GI-Grasp: Target-Oriented 6DoF Grasping Strategy with Grasp Intuition Based on Vision-Language Models

Tong Jia, Haiyu Zhang, Guowei Yang, Yizhe Liu, Hao Wang, Shiyi Guo

Published: 01 Jan 2024, Last Modified: 13 May 2025ICIRA (2) 2024EveryoneRevisionsBibTeXCC BY-SA 4.0

Abstract: Robot grasping is widely recognized as a crucial component of robotics activities. Several deep learning based grasping algorithms for planar and 6-degree-of-freedom have been presented, and they have produced good results in simulation and real world. However, when these algorithms do grasping posture estimation, their projected grasping poses may not always make sense for the grasping site, even if they cover the item under consideration. These algorithms tend to focus on the thing as a whole and perform activities that differ significantly from human behavior.
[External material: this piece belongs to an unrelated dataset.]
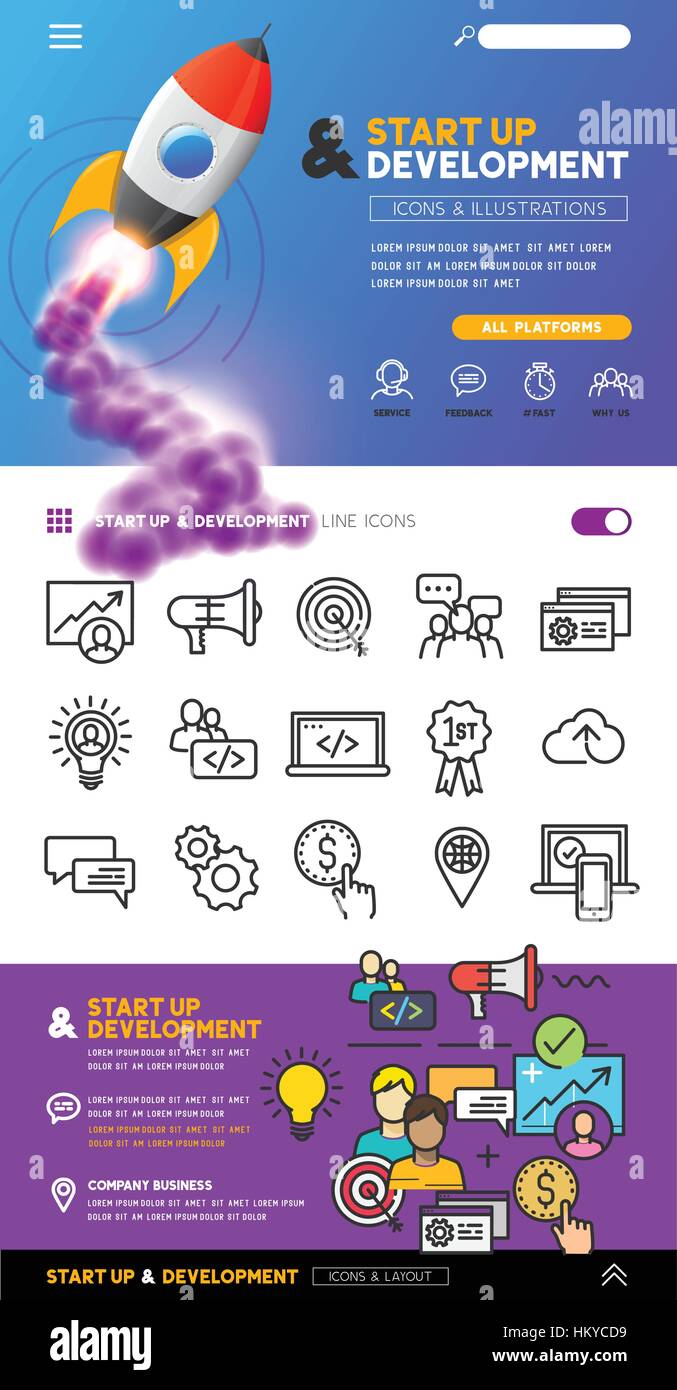 Avvio di business e il concetto di sviluppo con illustrazioni e design con le icone della linea. vettore Illustrazione Vettoriale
To that end, we propose our GI-Grasp, a novel strategy that allows the robot to perceive the object to be grasped at a finer scale by introducing vision-language models (VLMs) to determine which part of the object is more suitable for grasping, guiding the robot to act like a human. First, we segment the RGB images of the grasping scene into instances in order to detect and localize the items to be clutched. Secondly, we provide the robot with a priori knowledge of the objects to be grasped through VLMs to help the robot understand the compositional details of the objects to be grasped and identify the spatial constraints related to the grasping task. Finally, acceptable position prediction is combined with the grasping algorithm to improve the robot’s grasping accuracy. Our real-world experiments have proven that GI-Grasp of object features assists robots in grasping items in a more human like (and reasonable) style, increasing the success rate of grasping.